Я настиг 3-ю армию на марше из Кайбиляра к Ереклер и Карамза. Передо мной оказалась широкая колонна обозов, [172] двигавшихся по дефиле, почти все время на рысях. Я обгонял обозы, парки, пехоту и уже настигал артиллерию, когда вдруг парки, находившиеся впереди в дефиле, повернули и понеслись назад с криком, что турецкая кавалерия наступает. Я остановил свою подводу, слез и пытался осведомиться, в чем дело. В это время пехота и артиллерия быстро заняли высоты и стали на позицию. В обозах же царило замешательство, и прошел добрый час времени, пока всё успокоилось, разобралось и тревога оказалась ложной.
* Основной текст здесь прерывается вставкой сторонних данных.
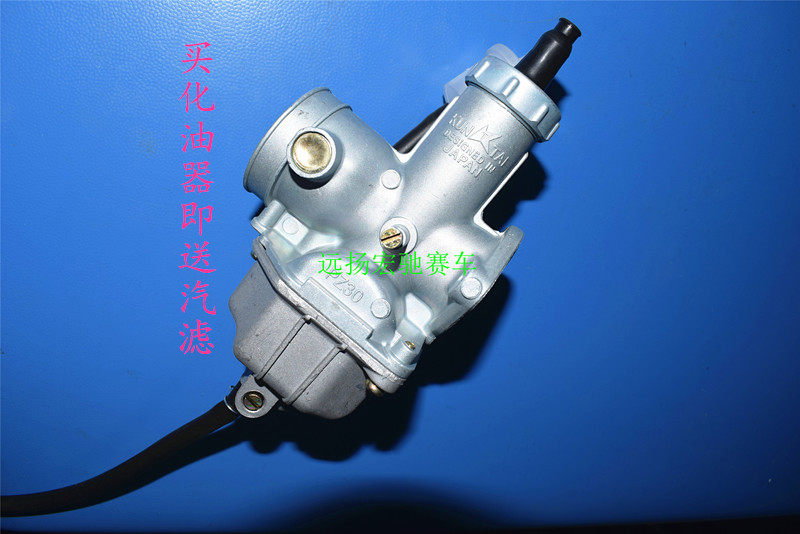 CQR Jinling Cabbage Magic Cross - country Motorcycle 250 engine dedicated to Jingbian Carburetor PZ30 caliber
Колонна снова двинулась вперед.

Я покинул мою подводу и пошел пешком, думая о причинах только что виденной паники. Впоследствии мне удалось узнать, как было дело: войска 3-й армии двигались в 4-х колоннах первой линии по обеим сторонам реки Тэкедере, имея за собой во второй линии две колонны, а на уровне их обоз первой линии, что вполне допускала ширина дороги в этом месте. С фланга, действительно, появился небольшой турецкий кавалерийский отряд. Увидя, что перед ним враг более многочисленный и сильный, отряд так же быстро скрылся, как и появился. Вот тут-то надо было попридержать обозы, указав им на их безопасное положение, так как они были защищены войсками, а вместо этого их повернули. Кто-то из более трусливого десятка крикнул о наступлении турецкой кавалерии. Произошло смятение; тяжелая масса повозок двинулась в карьер с гиком назад. Отсюда паника. Более же глубокая причина её кроется в том, что кадры обозов и парков, ничтожные в военное время, при развертывании пополнялись большим количеством почти не военных по духу, оттого мало стойких да и умелых людей.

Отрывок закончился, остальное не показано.